Por si fuera poco, Álvarez suma a su currículum su afición al atletismo, el póquer –"debo ser el único poeta serio y publicado que ha jugado en el Campeonato Mundial de Póker" señala en una entrevista—, el montañismo y la natación. En el estanque (Diario de nadador), aparecido originalmente en 2013 y publicado en castellano por la editorial argentina Entropía el año pasado, reúne sus anotaciones como nadador en los estanques de Hampstead Heath. Allí, Álvarez deja constancia de un vitalismo inmarcesible, parecido al de Werner Herzog, otro adicto a las montañas y a la observación profunda y descarnada de la naturaleza humana.

Nos deja un escritor como pocos, que encontró sus materiales en la literatura y en una vida llevada al límite.

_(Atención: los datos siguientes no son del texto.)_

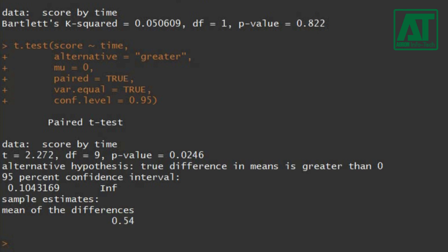I hope this video will help you to understand how to carry out paired sample t-test using R program. Please comment below if you have any questions.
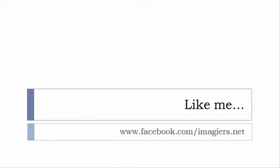And then last but not least, don't forget to like me on Facebook, please, s'il vous plaît. So the address is quite simple: www.facebook.com/imagiers.net. Thank you very much. Merci beaucoup. Au revoir.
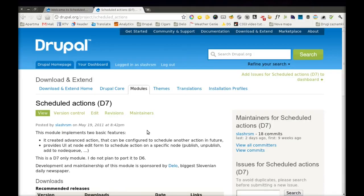Hello, my name is Janes and I would like to show you a simple module called Scheduled Actions. Scheduled Actions can do two things.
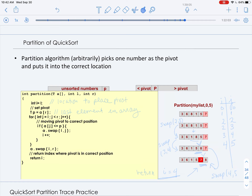The partition algorithm can pick an arbitrary element as the pivot, but in what we're working on we are actually choosing the last element in our array to be the pivot. Looking at the partition code, we're passed an array or vector a, a left endpoint, and a right endpoint, and we're trying to place the pivot in the right location between those endpoints. We set i, which keeps track of the location to place the pivot — it tracks the number of elements less than the pivot — and we set the pivot to be the last element in the array.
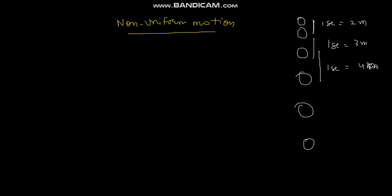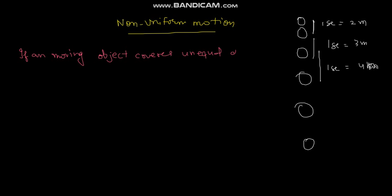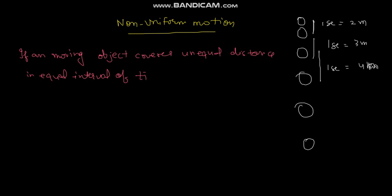If a moving object covers unequal distance in equal interval of time, then we call it non-uniform motion.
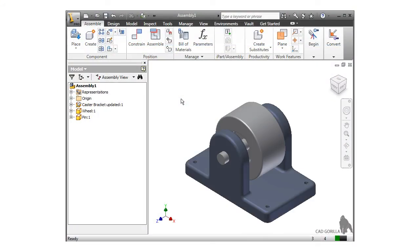Up to this point, we've used constraints to position components and simulate their actual assembly. But keep in mind the constraints are only a simulation of the assembly, not a true physical interaction between faces of components.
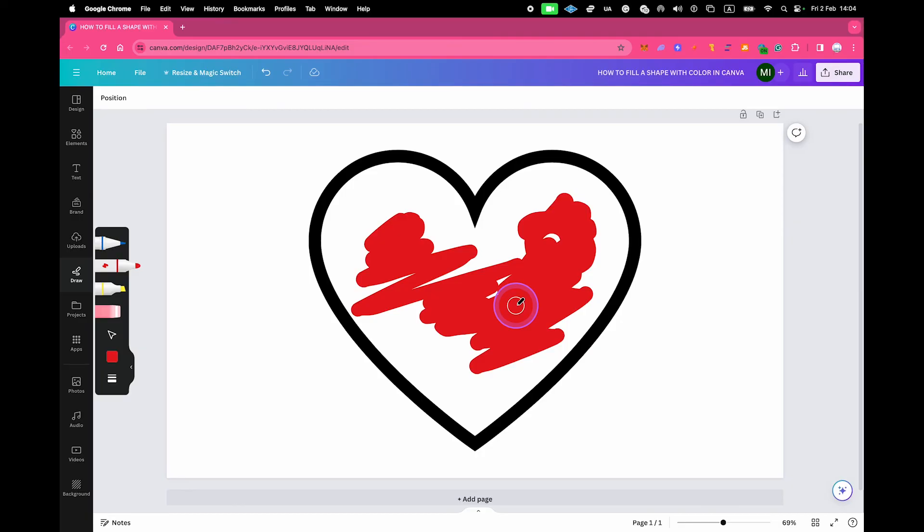And this is how you fill a shape with color in Canva. If you still have any questions about this, please feel free to drop a comment below or join us in our completely free Telegram group to get even more help. You will find the invite link to the Telegram group in the description of this video. And with that said, if you enjoyed this video, please make sure to smash the like button and subscribe for more Canva tutorials.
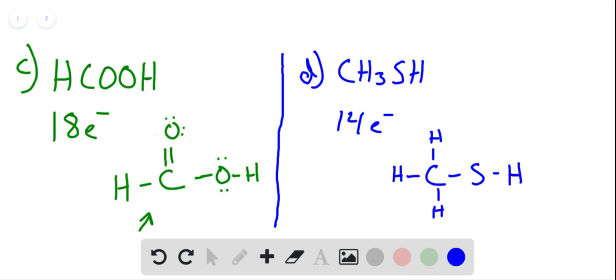That gives us 5 bonds or 10 electrons, so we have 4 left to assign. Carbon has an octet but sulfur does not, so we give 4 electrons to sulfur and the Lewis structure is complete.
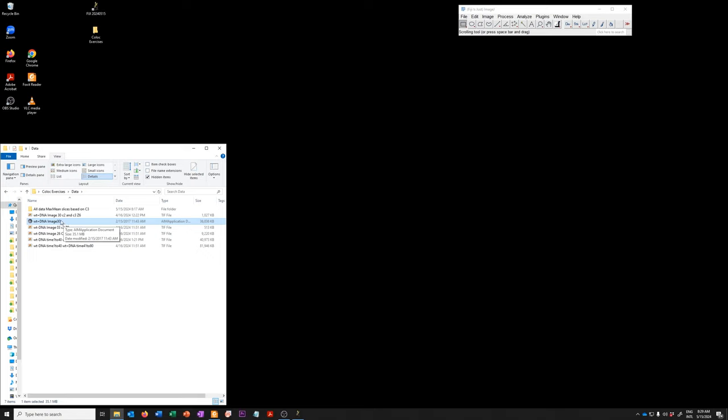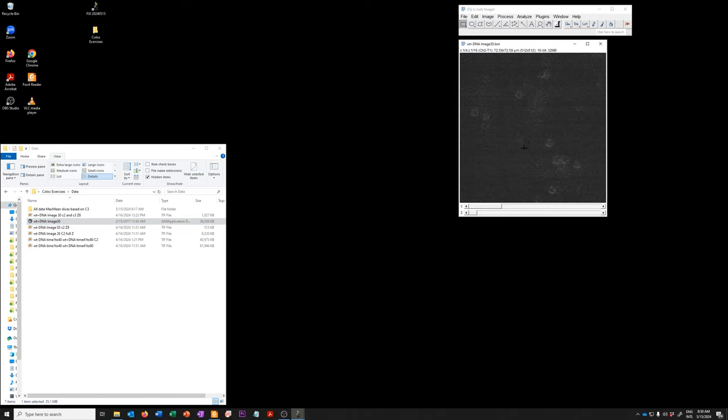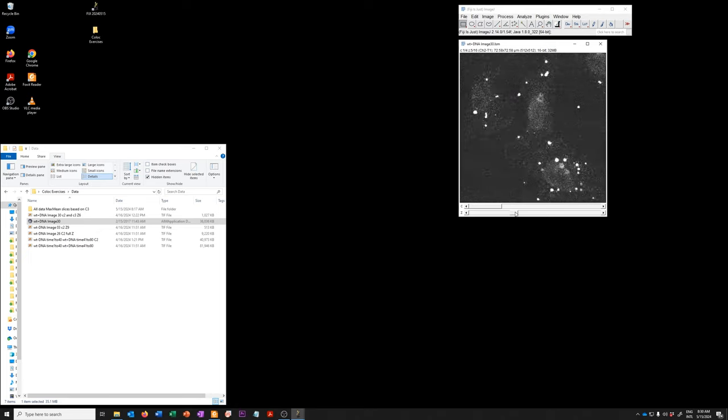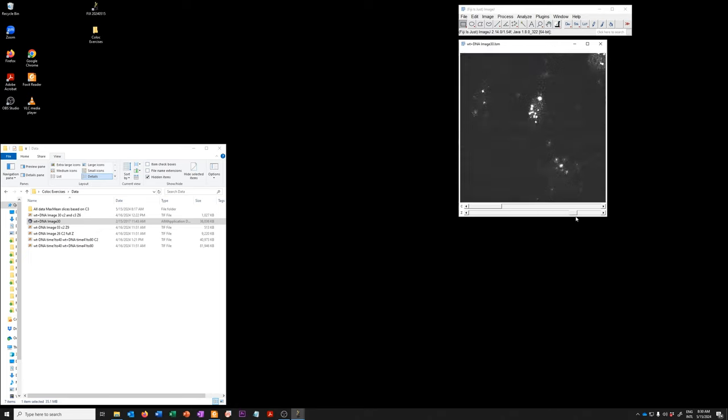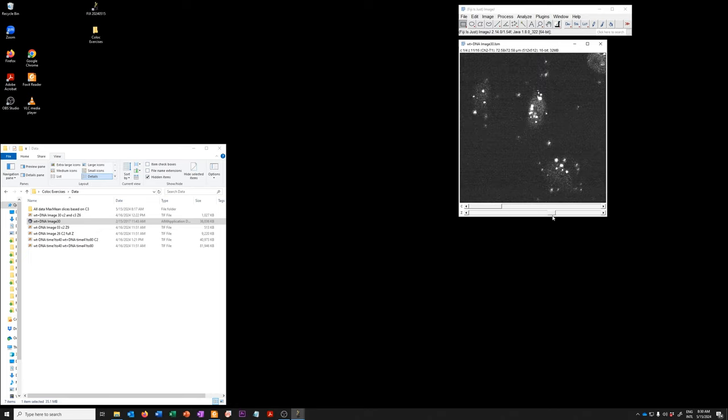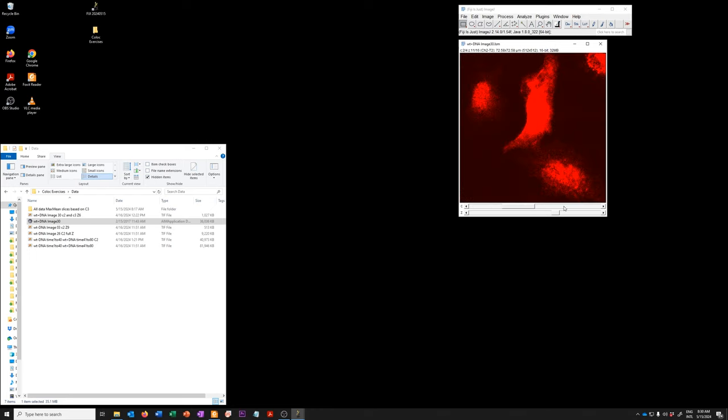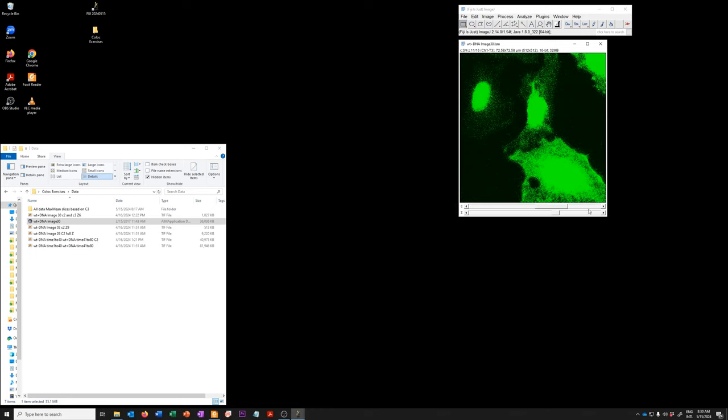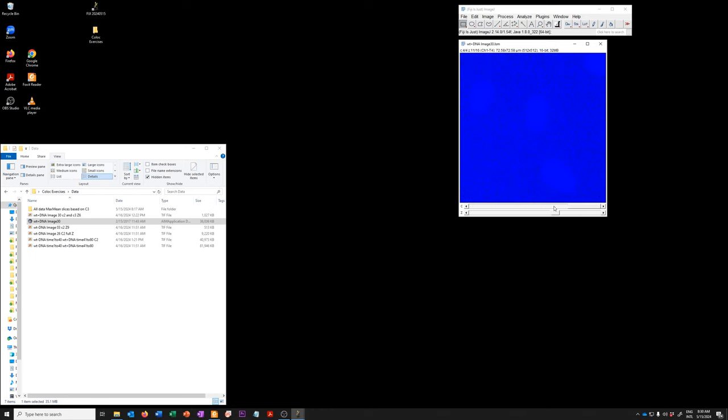We can just drag this to Fiji and it will open. This is a hyperstack with four channels and 16 Z planes. These are the Z planes in one of the channels. This is another channel, another one, and another one.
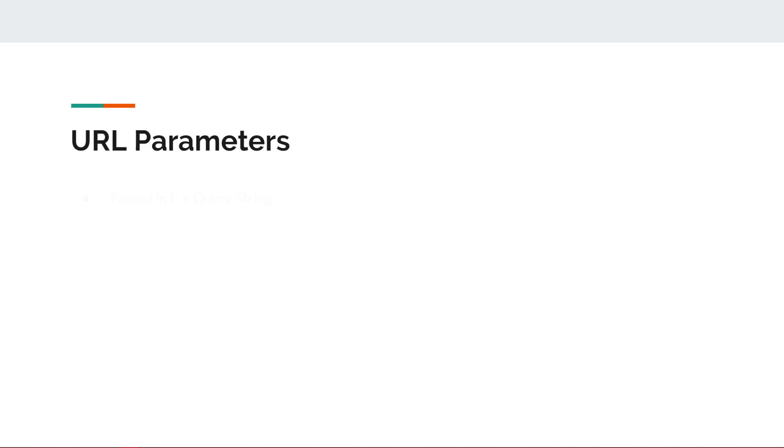In addition, we can pass URL parameters through the request's GET function. URL parameters are declared as a query string in the URL and are a way to dynamically send additional information to a page.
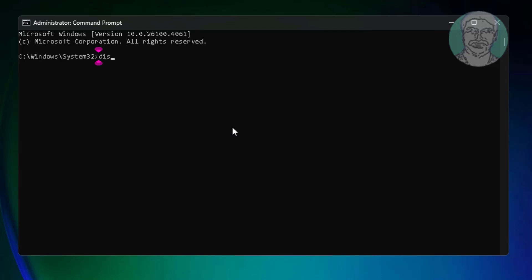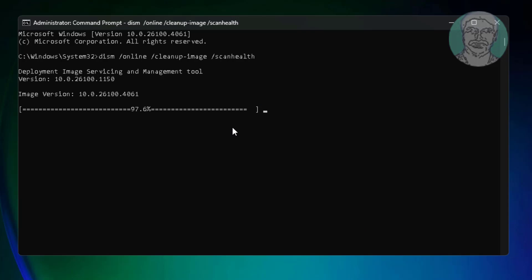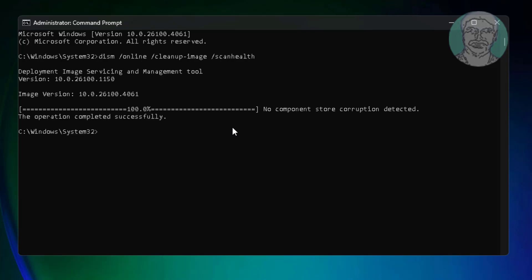Type: dism /online /cleanup-image /scanhealth. Then type: dism /online /cleanup-image /checkhealth.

Que abandonó la academia por temor a oxidarse y nos entregó obras únicas, cuyo ímpetu recuerda a esos viejos naturalistas que se lanzaron al mundo para invitarnos a experimentar su vértigo y su novedad: Humboldot en el Chimboraz, Darwin en América, Pigafetta y los viajes con Magallanes.

Nos deja, pero vive también –como los buenos escritores— en sus textos, que espantan al polvo y al olvido con su singular magnetismo.